Hackers use apps like Candy Crush and Tinder to spy on people and access personal information

According to a recent report from 404 Media, some of the most popular mobile apps, such as Candy Crush and Tinder, are allegedly collecting sensitive location data from users without their consent. The applications, accessible on both Android and iOS, could engage in data gathering via the advertising network, leading to significant privacy issues. This information is thought to have been acquired by a location data broker, Gravy Analytics, whose affiliate, Venntel, has formerly provided this type of data to US law enforcement officials.

The report indicates that this data gathering probably occurs via real-time bidding (RTB) systems, in which businesses compete to show ads in applications. During the display of these ads, data brokers such as Gravy Analytics reportedly can capture and collect user location information, even without the direct participation of app developers.

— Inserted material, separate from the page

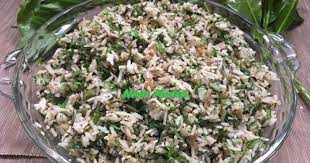 Namun yang menjadi pembedanya adalah wangi daun kemangi menambah aroma dan selera makan. Nasi Ulam Utara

The app developers do not oversee this process, resulting in users being oblivious to the fact that their location is being tracked.

Security specialists, such as Zach Edwards from the cybersecurity company Silent Push, are concerned about the extent of this data collection. As per the report, Edwards mentioned that this is among the first instances where the public has solid proof indicating that certain data brokers are obtaining user information from advertising bid streams instead of from code integrated within the applications themselves.

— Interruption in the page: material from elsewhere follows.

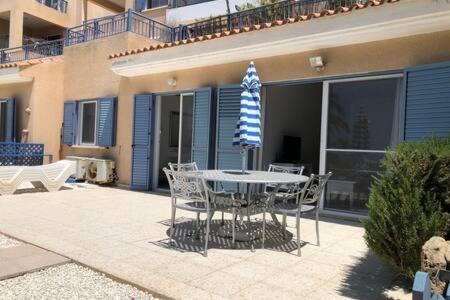 Kings Palace - Superb 2 Bed Ground Floor Apartment Paphos Exterior foto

The disclosed information allegedly contains more than 30 million location markers, featuring sensitive sites such as the White House, Kremlin, Vatican City, and a number of military installations. The apps linked to this breach feature well-known games such as Candy Crush, Subway Surfers, Temple Run, along with dating services like Tinder and Grindr. Health-related applications, including MyFitnessPal and several pregnancy trackers, are also noted, along with religious and VPN applications, which paradoxically are frequently installed to improve privacy.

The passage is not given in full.